---------- Input data
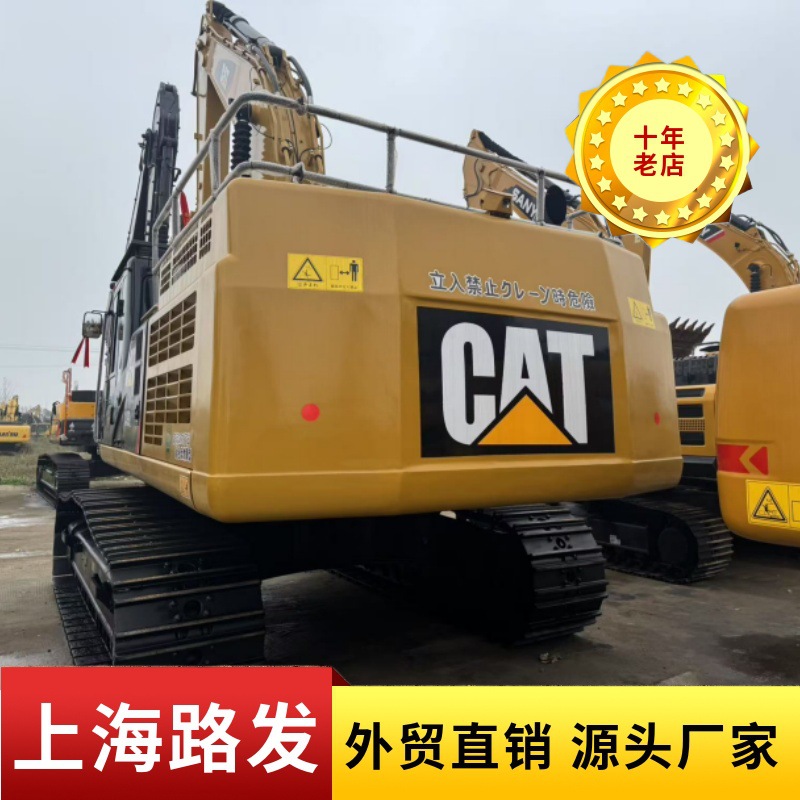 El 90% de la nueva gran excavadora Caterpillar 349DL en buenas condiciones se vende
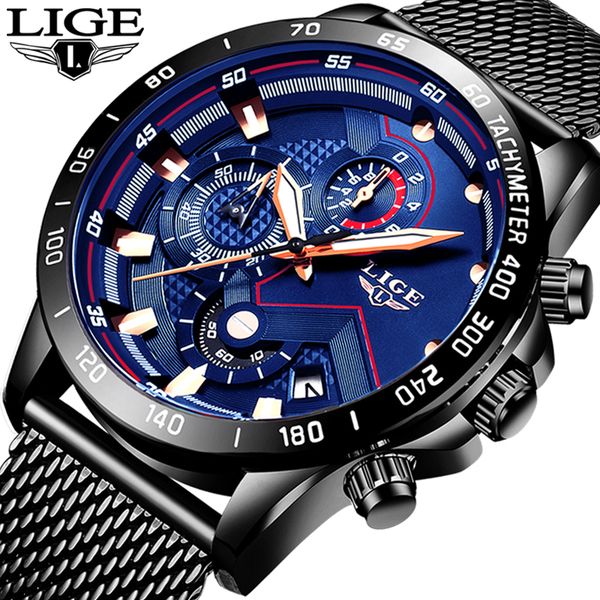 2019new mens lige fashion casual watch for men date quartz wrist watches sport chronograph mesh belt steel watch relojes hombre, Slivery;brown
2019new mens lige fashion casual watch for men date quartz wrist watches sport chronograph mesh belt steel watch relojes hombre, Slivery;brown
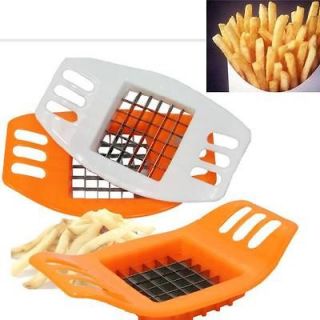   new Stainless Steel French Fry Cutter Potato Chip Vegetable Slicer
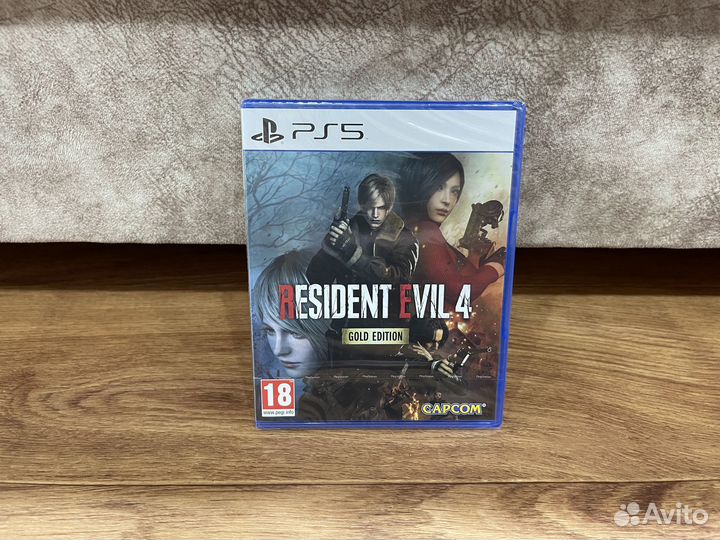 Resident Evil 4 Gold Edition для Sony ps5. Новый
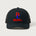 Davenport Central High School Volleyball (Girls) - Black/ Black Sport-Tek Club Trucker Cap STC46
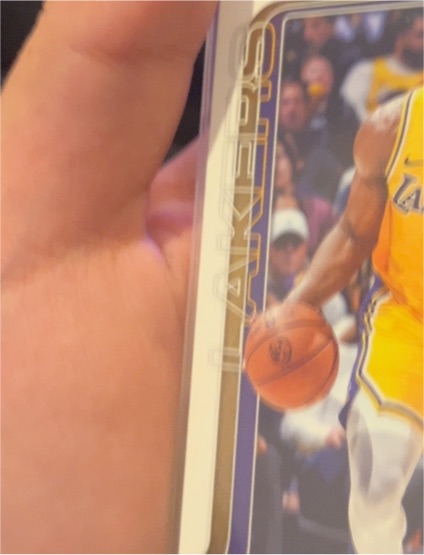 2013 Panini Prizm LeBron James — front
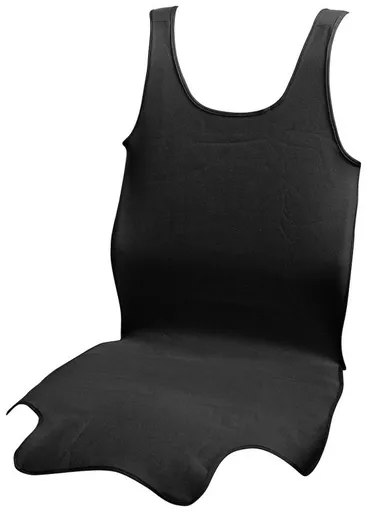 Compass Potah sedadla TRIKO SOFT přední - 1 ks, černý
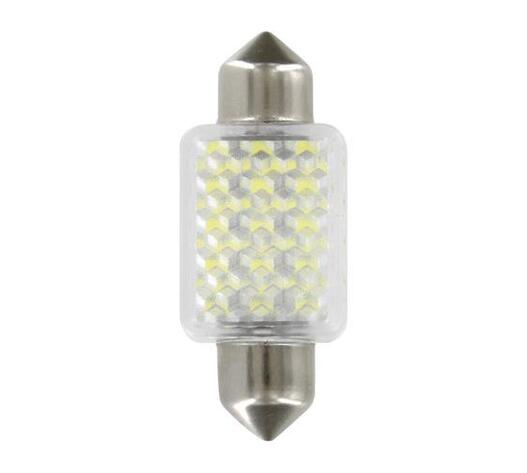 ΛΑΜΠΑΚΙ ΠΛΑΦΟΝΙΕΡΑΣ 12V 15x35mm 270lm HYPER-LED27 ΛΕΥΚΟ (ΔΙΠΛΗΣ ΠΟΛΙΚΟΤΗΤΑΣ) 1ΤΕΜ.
--------------------
Exercise objective:
Each line of the records above must be repeated exactly, but no picture belongs in the copy.

Solution below:
 El 90% de la nueva gran excavadora Caterpillar 349DL en buenas condiciones se vende
 2019new mens lige fashion casual watch for men date quartz wrist watches sport chronograph mesh belt steel watch relojes hombre, Slivery;brown
2019new mens lige fashion casual watch for men date quartz wrist watches sport chronograph mesh belt steel watch relojes hombre, Slivery;brown
   new Stainless Steel French Fry Cutter Potato Chip Vegetable Slicer
 Resident Evil 4 Gold Edition для Sony ps5. Новый
 Davenport Central High School Volleyball (Girls) - Black/ Black Sport-Tek Club Trucker Cap STC46
 2013 Panini Prizm LeBron James — front
 Compass Potah sedadla TRIKO SOFT přední - 1 ks, černý
 ΛΑΜΠΑΚΙ ΠΛΑΦΟΝΙΕΡΑΣ 12V 15x35mm 270lm HYPER-LED27 ΛΕΥΚΟ (ΔΙΠΛΗΣ ΠΟΛΙΚΟΤΗΤΑΣ) 1ΤΕΜ.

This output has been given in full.